## Directions for this task
The result should be an exact copy of the entries below, free of pictures.

[Dataset records]
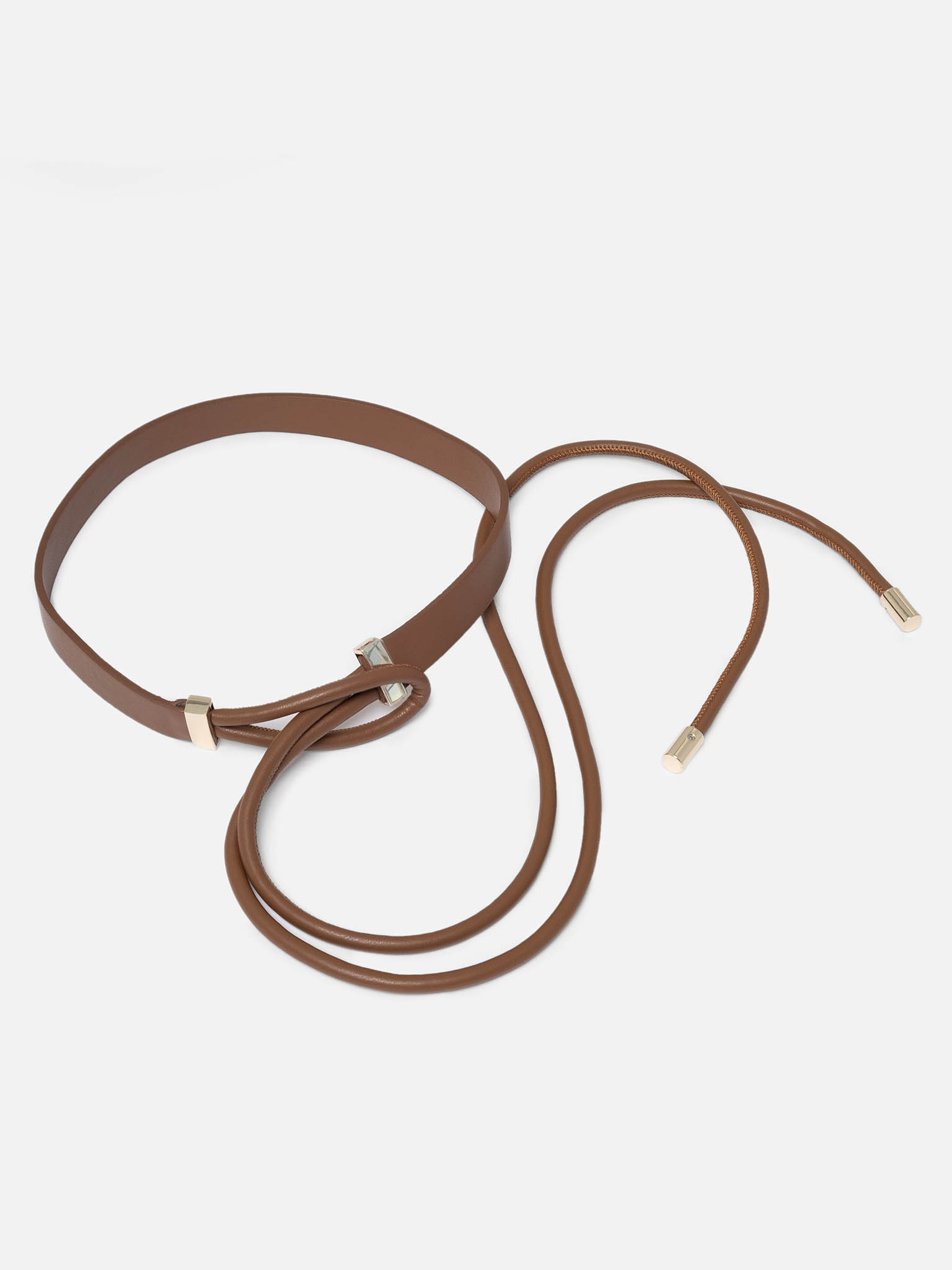 Drawstring belt with metal tips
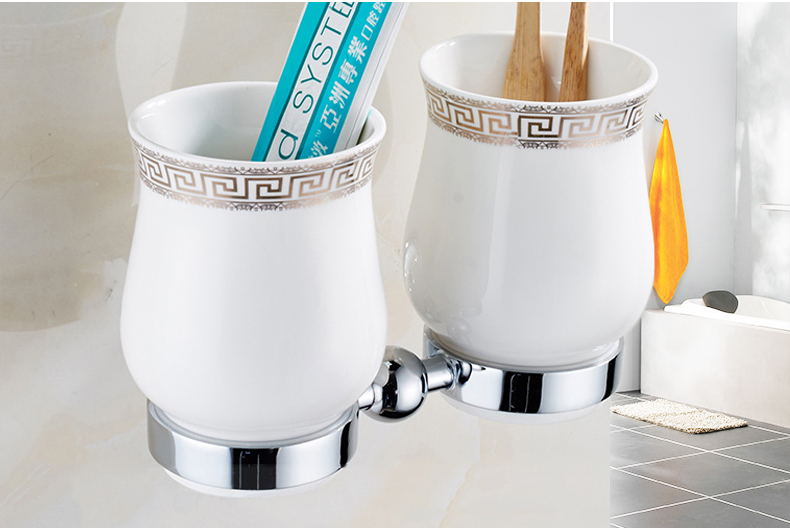 Bathroom Accessories (8)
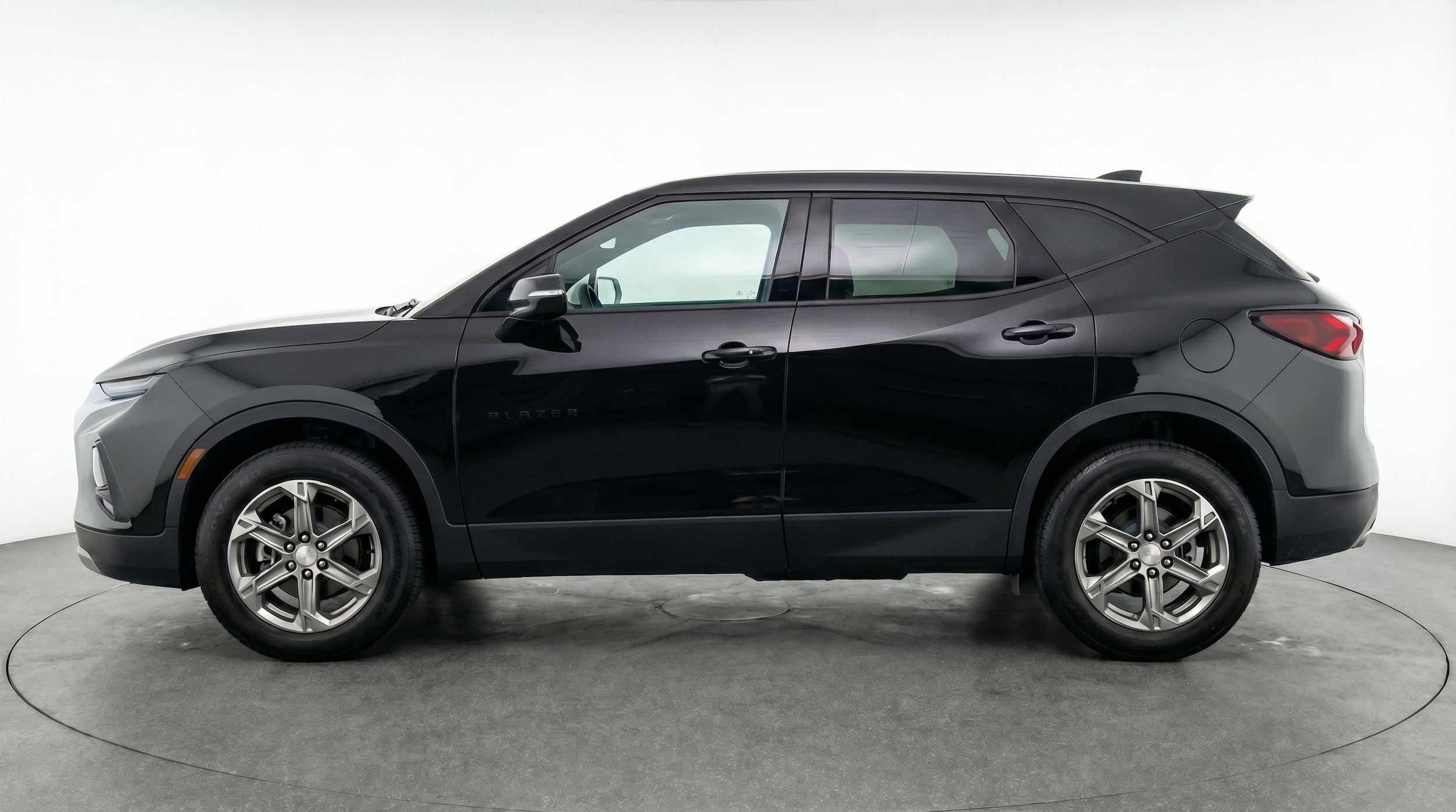 Thumbnail: 2026 Chevrolet Blazer - 5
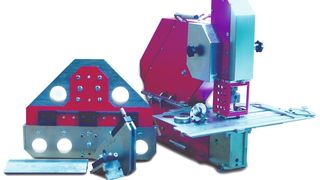 Baukastensystem des Multipresser-Stanz- und Biegesystems, bestehend aus dem Grundgerät (manuell oder hydraulisch betrieben), dem Werkzeugwechselsystem Quick-Snap, weiteren Werkzeug-Ausrüstungsmöglichkeiten zum Biegen sowie Anschlägen zur maßgenauen, rationellen Blech- und Profilbearbeitung.Bild: Blain (Archiv: Vogel Business Media)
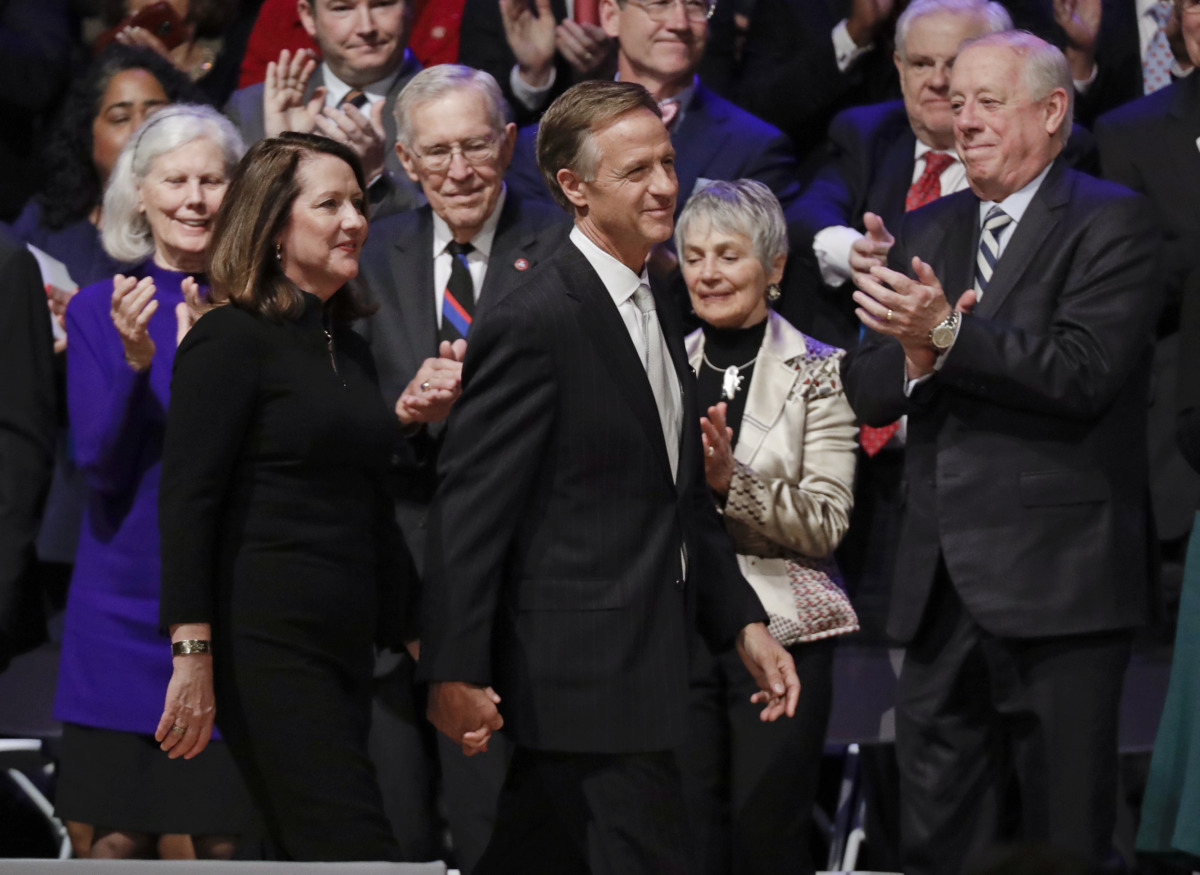 <strong>Tennessee Gov. Bill Haslam and his wife, Crissy Haslam, walk onto the stage for the inauguration of Gov.-elect Bill Lee in War Memorial Auditorium Saturday, Jan. 19, 2019, in Nashville, Tenn.</strong> (AP Photo/Mark Humphrey)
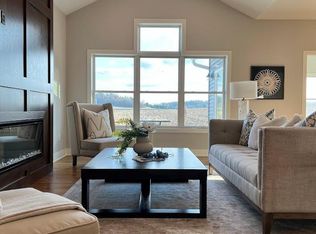 202 Ford St E, Northfield, MN 55057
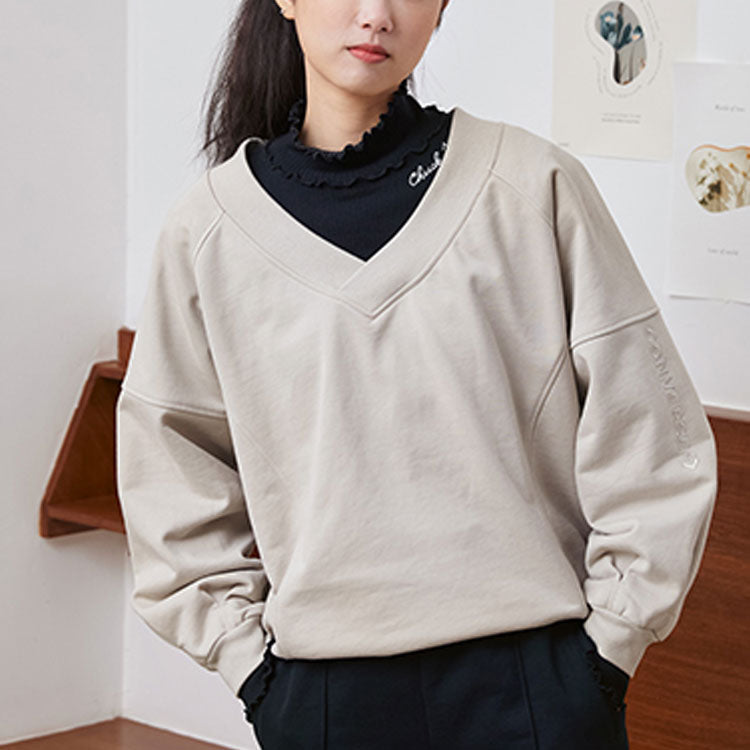 (WMNS) Converse Solid Color Loose Knit V Neck Beige Hoodie 10022959-A05
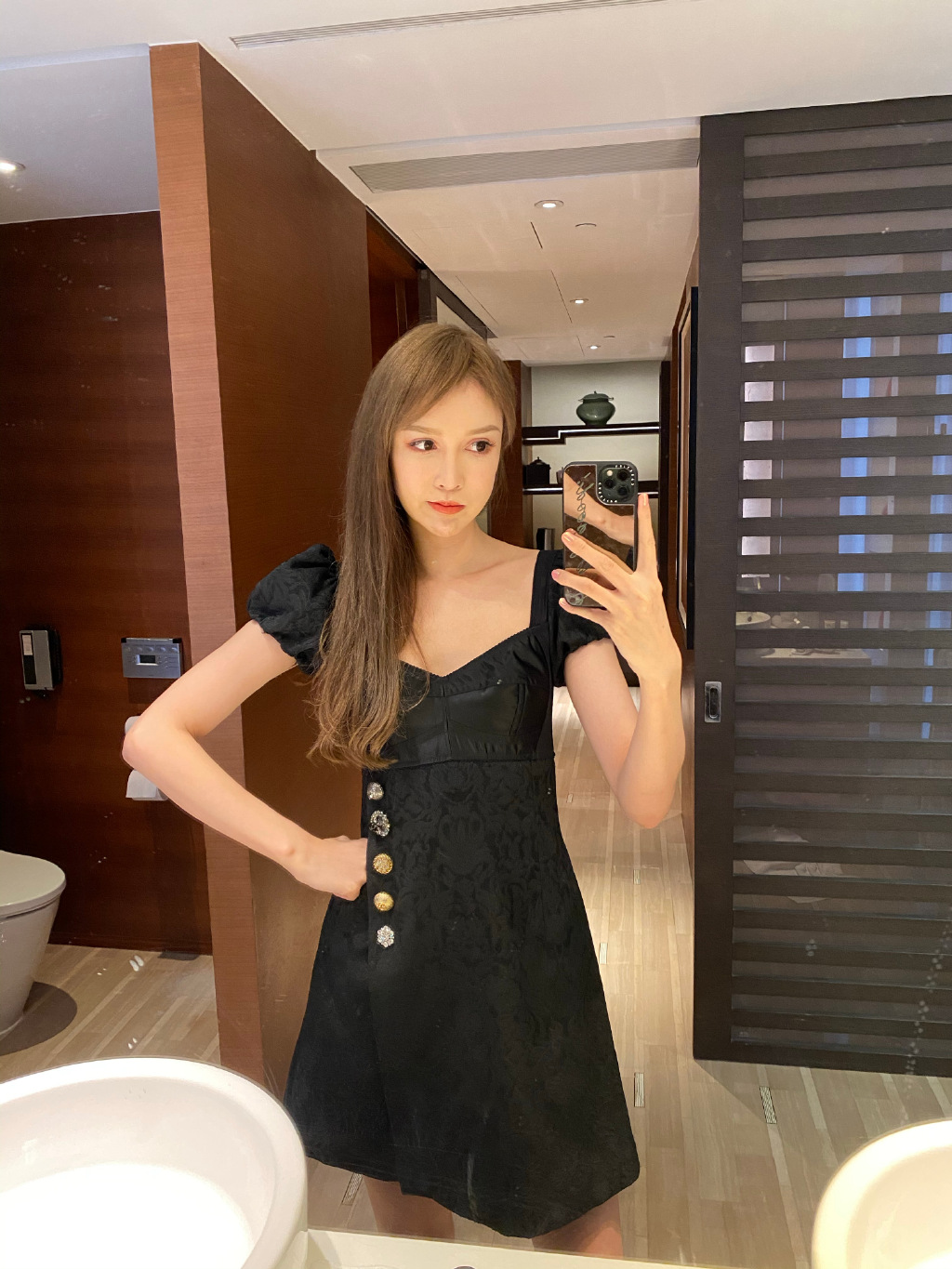 14歲就進廠！超兇網紅「16年整形100次」　「術後照曝光」嚇歪網！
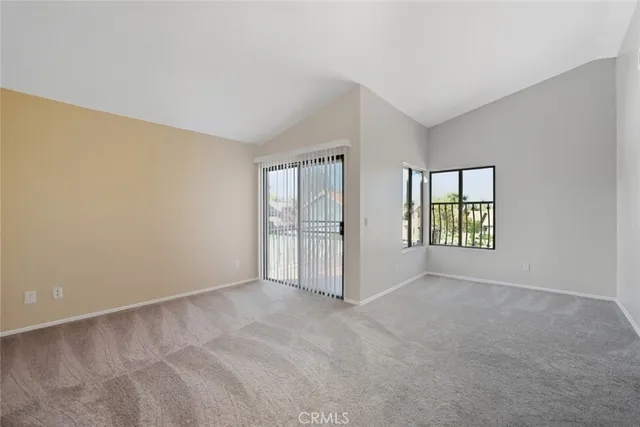 $3,800 | 325 Rainbow Terrace, Palmdale, CA 93551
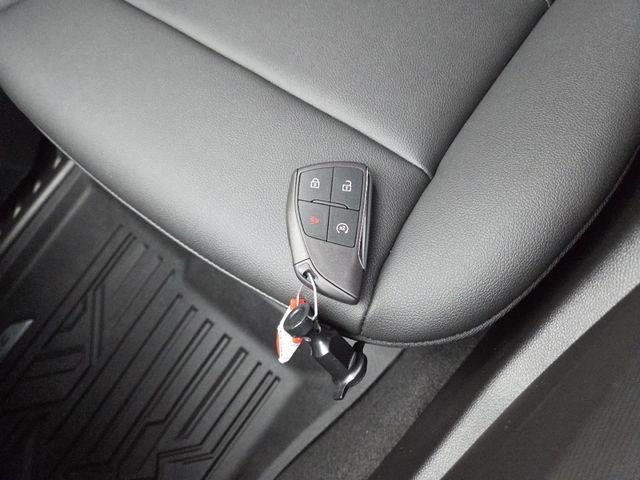 New 2026 GMC Canyon Elevation w/ Convenience Package image 38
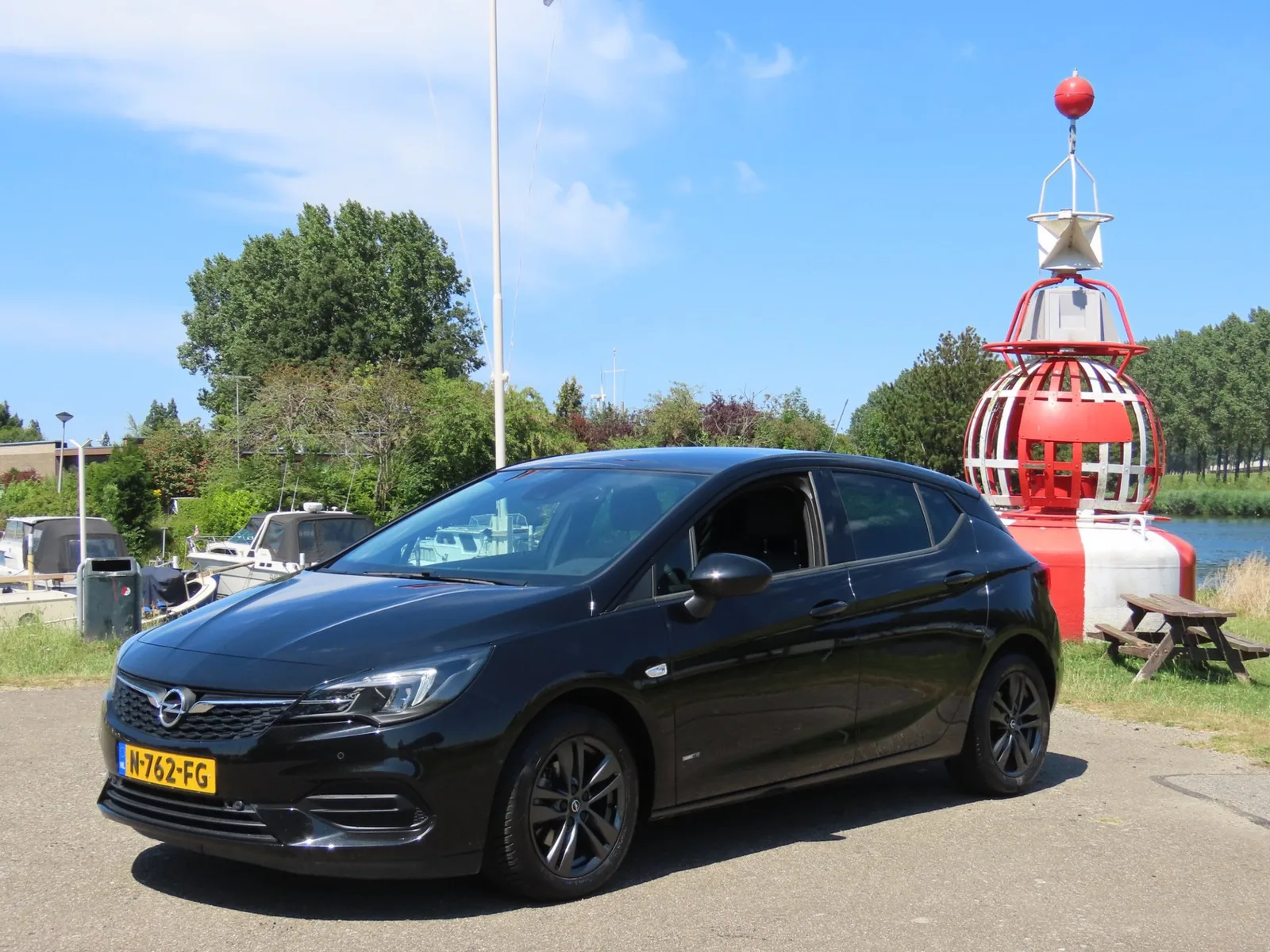 Opel Astra (2021) — foto 1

## Final answer
 Drawstring belt with metal tips
 Bathroom Accessories (8)
 Thumbnail: 2026 Chevrolet Blazer - 5
 Baukastensystem des Multipresser-Stanz- und Biegesystems, bestehend aus dem Grundgerät (manuell oder hydraulisch betrieben), dem Werkzeugwechselsystem Quick-Snap, weiteren Werkzeug-Ausrüstungsmöglichkeiten zum Biegen sowie Anschlägen zur maßgenauen, rationellen Blech- und Profilbearbeitung.Bild: Blain (Archiv: Vogel Business Media)
 <strong>Tennessee Gov. Bill Haslam and his wife, Crissy Haslam, walk onto the stage for the inauguration of Gov.-elect Bill Lee in War Memorial Auditorium Saturday, Jan. 19, 2019, in Nashville, Tenn.</strong> (AP Photo/Mark Humphrey)
 202 Ford St E, Northfield, MN 55057
 (WMNS) Converse Solid Color Loose Knit V Neck Beige Hoodie 10022959-A05
 14歲就進廠！超兇網紅「16年整形100次」　「術後照曝光」嚇歪網！
 $3,800 | 325 Rainbow Terrace, Palmdale, CA 93551
 New 2026 GMC Canyon Elevation w/ Convenience Package image 38
 Opel Astra (2021) — foto 1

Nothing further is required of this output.